It’s been sort of happening already, so let’s make it official! Mondays are now Relegation Mondays!!
For the newest Noobites, relegation is when a team gets kicked down a league on their nation’s soccer pyramid at the end of a season in which they finish low enough.
Mondays tend to be lighter on high-end, important matchups between teams in bigger leagues. The same is true for Fridays, a day on which we tend to “globetrot” – check out games from far less heralded soccer countries. Mondays we will spend some (though not all) T2T slots on games involving teams which currently st at or near the bottom of their leagues’ standings.
Let’s get to know some clubs struggling to stay “above the line” before they disappear at season’s end.
1. AA Ponte Preta vs. Flamengo – Brazil Serie A (Futebol Brasileiro)
Noob thinks Team Macaca (she-monkey) can stay stay above the relegation line, but they’re running out of time to catch Avai for 16th.
AAPP’s mascot is a result of what’s linguistically known as “seizure”. Here, a racially derogatory term formerly used against the club they turn to a positive. They were one of the first clubs in Brazil to accept black people. To 15th! RESULT: Ponte Preta 1-0
B. Carmelita vs. Saprissa – Costa Rica Premier
Carmelita sits in second to last place, and so is just above this league’s relegation line. Saprissa is one of North America’s finest clubs, so this is a toughie even at home.
Carmelita actually has one one league championship (1961). but they were one of only three tems in it at the time. Most of the other clubs had broken off that year to try forming their own league. When they came quickly back, their champions – Herediano – was officially recognized as that year’s champions. It wasn’t until 2001 that Costa Rica re-recognized Carmelita as title-holders. RESULT: Saprissa 0-2
Even Ryan Gosling couldn’t mind if you spruced up that boring crest with a papyrus font. Something. Anything.
3. Mladost Doboj Kakanj vs. Celik Zenica – Bosnia and Herzegovina Premier
The bottom six teams of the 12 in this league take part in a relegation playoff-avoidance tournament at season’s end. Both these clubs currently reside in that range. Celik Zenic appears much worse than nearly all the other clubs.

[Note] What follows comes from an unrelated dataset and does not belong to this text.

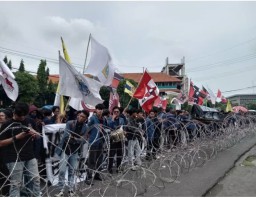 Viral Polisi Pukul Mahasiswa di Demo 'Indonesia Gelap' Surabaya, Terduga Pelaku Diperiksa Propam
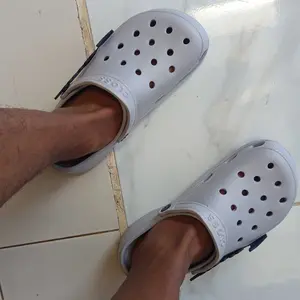 【Telah Diperbarui Sepenuhnya】Sandal Closs Wanita Pria Baim Bahan PU Upper Dilapisi Busa Sol Paylon Quality Premium ShoesSandal  Unisex Couple (Bisa DIY Pin Sandal)Empuk Anti Slip Sepatu Sandal Viral Kekinian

Fun Fact: Celik is Bosnia for “steel”, the production of which is a big part of the economy there. RESULT: MDK 4-0
4. Partizani vs. Lushnja – Albania Superliga
This league’s season is just getting started really, so much can of course change. But right now these two occupy the bottom two slot in the standings, both of which are relegation spots.
Partizani actually finished 2nd in the league last season, so this may well be their only Monday appearance here. KF Tirana is their in-town rival. Partizani is more of a suburban team. RESULT: 0-0
The Ocho was invented for Albanian football.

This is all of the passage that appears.